§ **Records supplied**:
◆ ◆ ◆

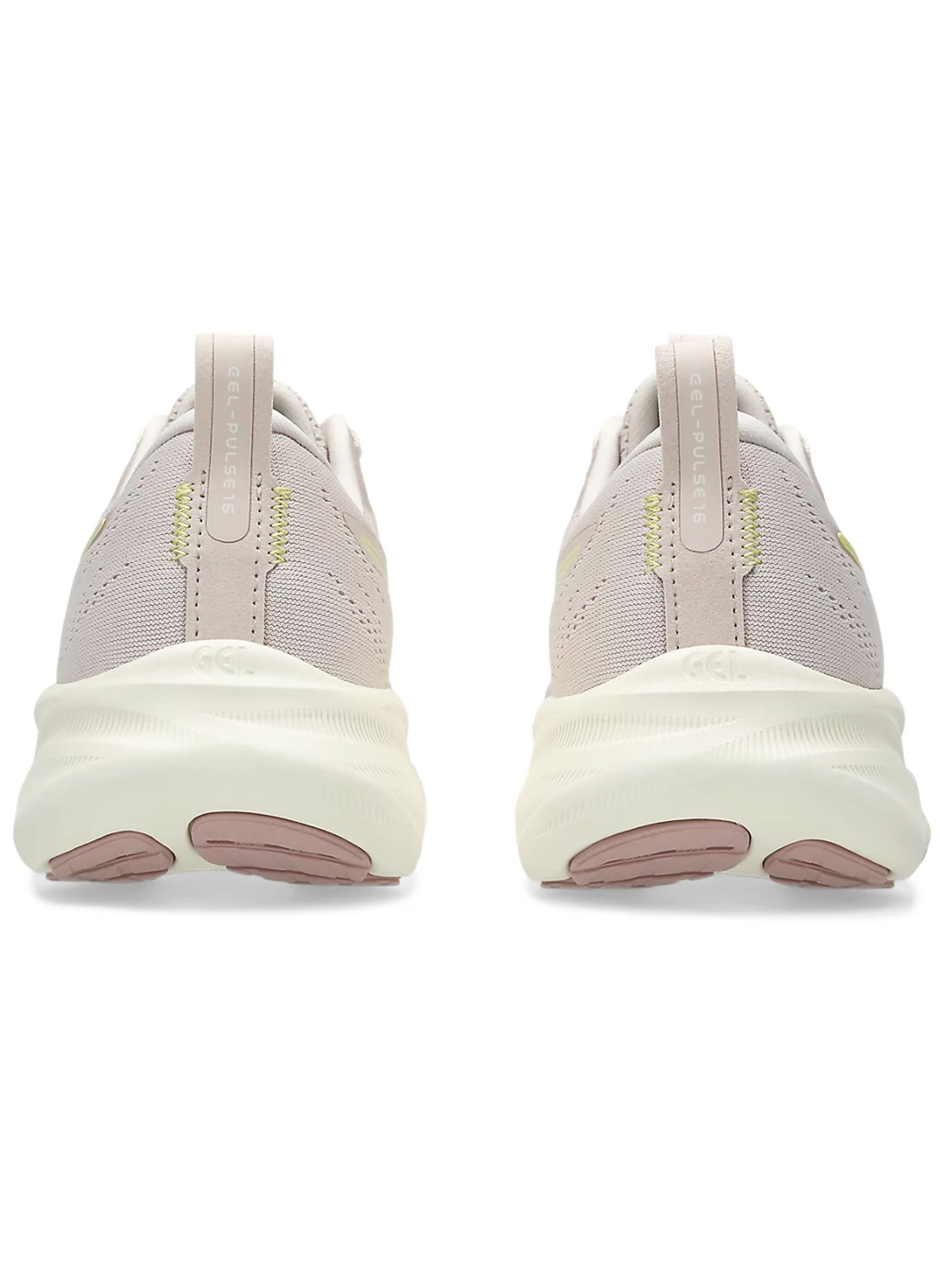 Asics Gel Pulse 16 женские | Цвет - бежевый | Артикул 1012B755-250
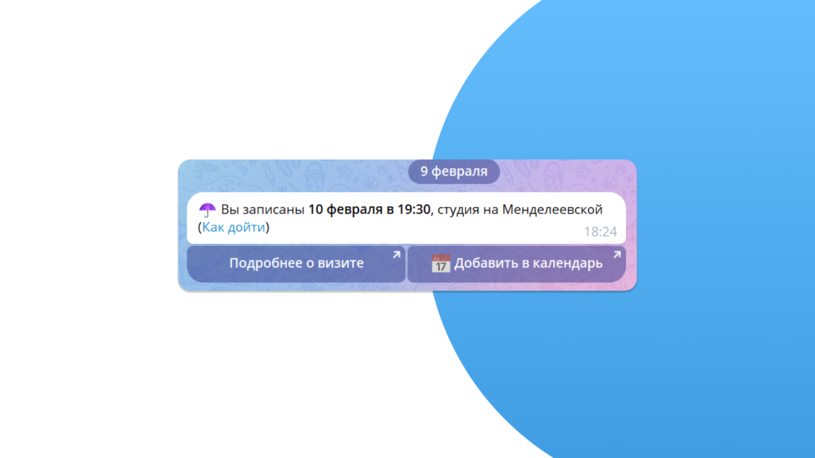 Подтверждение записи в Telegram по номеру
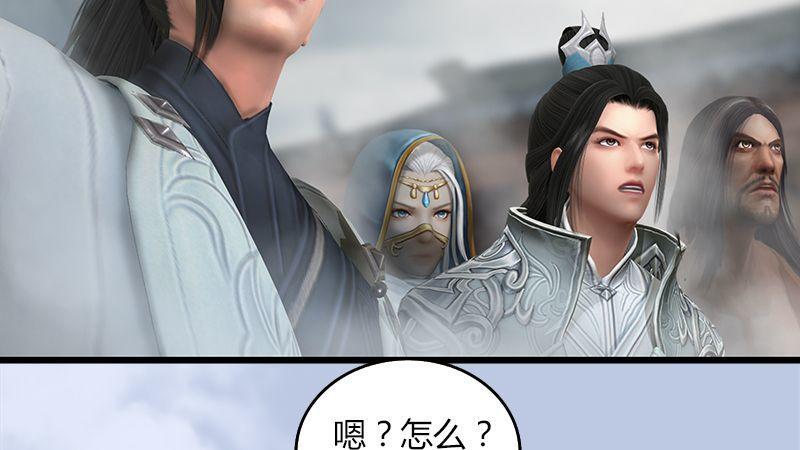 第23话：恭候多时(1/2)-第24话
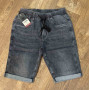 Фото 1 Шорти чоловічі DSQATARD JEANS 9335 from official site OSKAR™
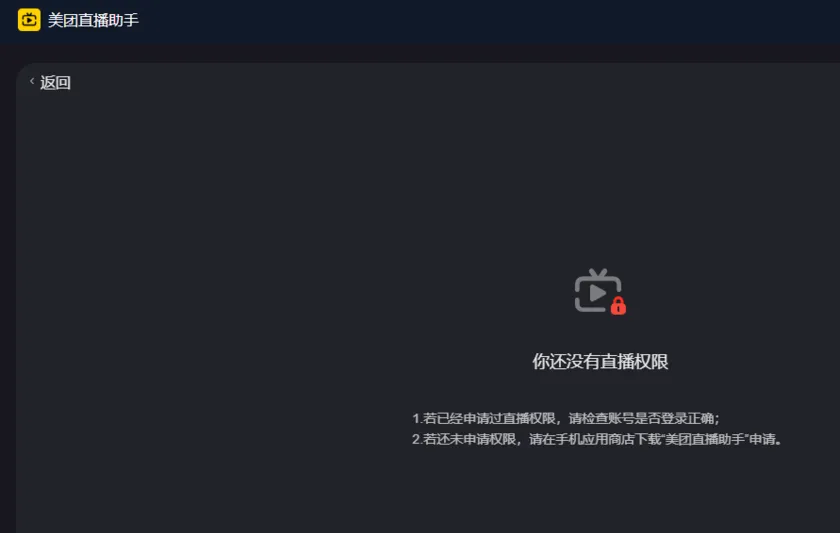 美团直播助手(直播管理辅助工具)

◆ ◆ ◆

Give back word for word the lines from the one containing "第23话：恭候多时(1/2)-第24话" through the final line of the data above. Pictures are to be left out.

§ **Solution for this exercise**:
 第23话：恭候多时(1/2)-第24话
 Фото 1 Шорти чоловічі DSQATARD JEANS 9335 from official site OSKAR™
 美团直播助手(直播管理辅助工具)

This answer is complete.